A plasma’s activated species include atoms, molecules, ions, electrons, free radicals, metastables, and photons in the short wave ultraviolet (vacuum UV, or VUV for short) range. This 'soup', which incidentally is around room temperature, then interacts with any surface placed in the plasma.

If the gas used is oxygen, the plasma is an effective, economical, environmentally safe method for critical cleaning. The VUV energy is very effective in the breaking of most organic bonds (i.e., C-H, C-C, C=C, C-O, and C-N) of surface contaminants. This helps to break apart high molecular weight contaminants. A second cleaning action is carried out by the oxygen species created in the plasma (O2+, O2-, O3, O, O+, O-, ionised ozone, metastably-excited oxygen, and free electrons). These species react with organic contaminants to form H2O, CO, CO2, and lower molecular weight hydrocarbons. These compounds have relatively high vapour pressures and are evacuated from the chamber during processing. The resulting surface is ultra-clean.

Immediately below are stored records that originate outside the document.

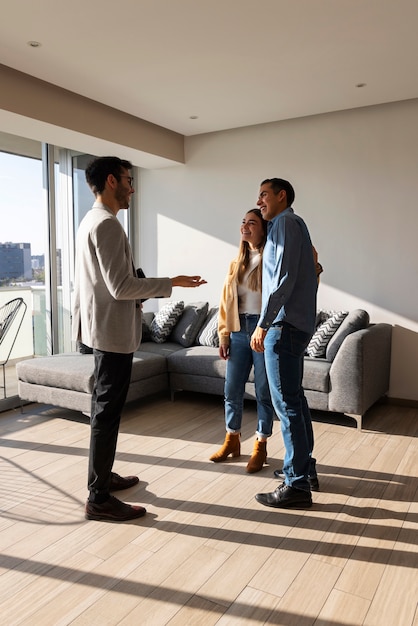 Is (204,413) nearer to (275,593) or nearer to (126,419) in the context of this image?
(126,419)

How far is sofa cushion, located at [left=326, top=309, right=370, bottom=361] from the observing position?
3.98 metres

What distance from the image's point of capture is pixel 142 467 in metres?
3.05

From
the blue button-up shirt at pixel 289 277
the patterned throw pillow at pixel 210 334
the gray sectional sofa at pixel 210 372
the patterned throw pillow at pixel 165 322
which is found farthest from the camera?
the patterned throw pillow at pixel 165 322

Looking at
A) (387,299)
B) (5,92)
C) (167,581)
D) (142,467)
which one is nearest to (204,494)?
(142,467)

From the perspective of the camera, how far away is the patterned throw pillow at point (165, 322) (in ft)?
16.3

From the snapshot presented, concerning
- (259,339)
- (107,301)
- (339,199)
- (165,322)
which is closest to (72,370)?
(165,322)

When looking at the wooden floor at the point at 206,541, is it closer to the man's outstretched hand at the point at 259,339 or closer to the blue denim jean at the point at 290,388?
the blue denim jean at the point at 290,388

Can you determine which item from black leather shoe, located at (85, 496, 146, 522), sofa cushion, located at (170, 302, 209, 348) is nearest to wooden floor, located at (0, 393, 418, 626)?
black leather shoe, located at (85, 496, 146, 522)

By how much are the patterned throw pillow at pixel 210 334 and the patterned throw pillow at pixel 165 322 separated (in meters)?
0.29

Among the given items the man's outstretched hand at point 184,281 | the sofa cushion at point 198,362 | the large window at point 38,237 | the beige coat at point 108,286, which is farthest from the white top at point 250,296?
the large window at point 38,237

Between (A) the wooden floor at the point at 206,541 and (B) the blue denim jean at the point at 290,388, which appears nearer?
(A) the wooden floor at the point at 206,541

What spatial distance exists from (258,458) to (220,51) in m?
2.45

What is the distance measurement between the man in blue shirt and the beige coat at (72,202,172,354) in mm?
496

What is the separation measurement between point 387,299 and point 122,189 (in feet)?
9.32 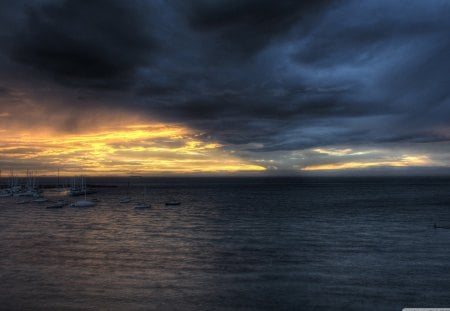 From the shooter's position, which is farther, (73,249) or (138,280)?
(73,249)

If the part to be treated consists of easily oxidised materials such as silver or copper, inert gases such as argon or helium are used instead. The plasma activated atoms and ions behave like a molecular sandblast and can break down organic contaminants. These contaminants are again vapourised and evacuated from the chamber during processing.

Most of these by-products are small quantities of harmless gasses such as carbon dioxide, and water vapor with trace amounts of carbon monoxide and other hydrocarbons. To put this in perspective, 10 minutes of automobile exhaust is approximately equivalent to one year of plasma cleaning exhaust.

Whether or not organic removal is complete can be assessed with contact angle measurements. When an organic contaminant is present, the contact angle of water with the device will be high. After the removal of the contaminant, the contact angle will be reduced to that characteristic of contact with the pure substrate.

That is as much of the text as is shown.